Turley: Well, there’s a misconception about Barack Obama as a former constitutional law professor. First of all, there are plenty of professors who are “legal relativists.” They tend to view legal principles as relative to whatever they’re trying to achieve. I would certainly put President Obama in the relativist category. Ironically, he shares that distinction with George W. Bush. They both tended to view the law as a means to a particular end — as opposed to the end itself. That’s the fundamental distinction among law professors. Law professors like Obama tend to view the law as one means to an end, and others, like myself, tend to view it as the end itself.
Truth be known President Obama has never been particularly driven by principle. Right after his election, I wrote a column in a few days warning people that even though I voted for Obama, he was not what people were describing him to be. I saw him in the Senate. I saw him in Chicago.
Cusack: Yeah, so did I.
Turley: He was never motivated that much by principle. What he’s motivated by are programs. And to that extent, I like his programs more than Bush’s programs, but Bush and Obama are very much alike when it comes to principles. They simply do not fight for the abstract principles and view them as something quite relative to what they’re trying to accomplish. Thus privacy yields to immunity for telecommunications companies and due process yields to tribunals for terrorism suspects.
[...]
[B]elief in human rights law and civil liberties leads one to the uncomfortable conclusion that President Obama has violated his oath to uphold the Constitution. But that’s not the primary question for voters. It is less about him than it is them. They have an obligation to cast their vote in a principled fashion. It is, in my opinion, no excuse to vote for someone who has violated core constitutional rights and civil liberties simply because you believe the other side is no better. You cannot pretend that your vote does not constitute at least a tacit approval of the policies of the candidate.
Shannyn Moore
I recommend you read this conversation between actor/director John Cusack and constitutional law professor Jon Turley in its entirety.
...but hey, do what you want...you will anyway.
UPDATE: I don’t know whether Jonathan Turley has actually thought this comparison out and decided to use it precisely because it should shame a black man (please, Obama calls himself black, and not half-black, so I suppose I will do it, too) for applying the same principal as the KKK, but in response to a question from John Cusack about Obama claiming that He and His death panel do in fact have a process with which we should be satisfied and by which they determine who should die, he says this:
And if they’re satisfied, then why aren’t we?”It’s the same type of argument when people used to say when they caught a criminal and hung him from a tree after a perfunctory five-minute trial.
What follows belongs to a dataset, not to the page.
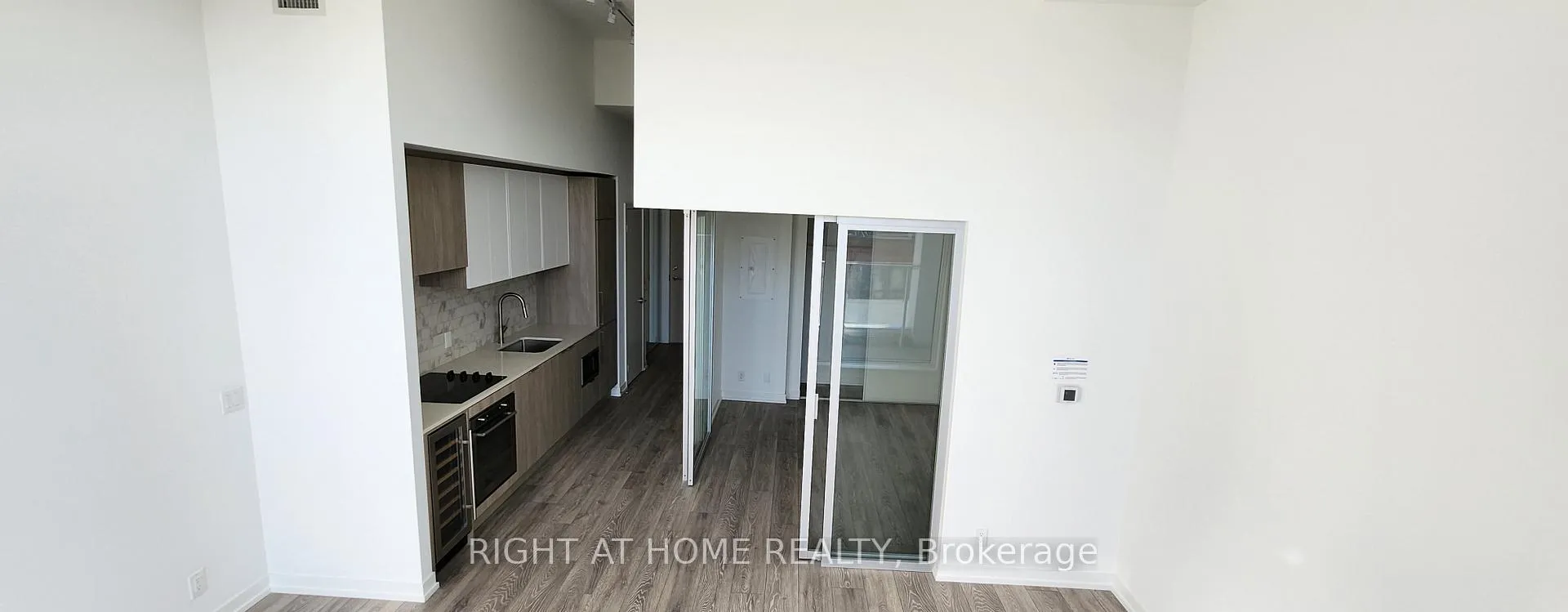 Photo 8 of Unit 209, 2020 Bathurst Street, Toronto, Humewood-Cedarvale — HOMEH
In those days, there was an attempt to pretend that they are really not a lynch mob; they were following a legal process of their making and their satisfaction. It’s just… it’s expedited. Well, in some ways, the administration is arguing the same thing. They’re saying, “Yes, we do believe that we can kill any U.S. citizen, but we’re going to talk amongst ourselves about this, and we’re not going to do it until we’re satisfied that this guy is guilty.”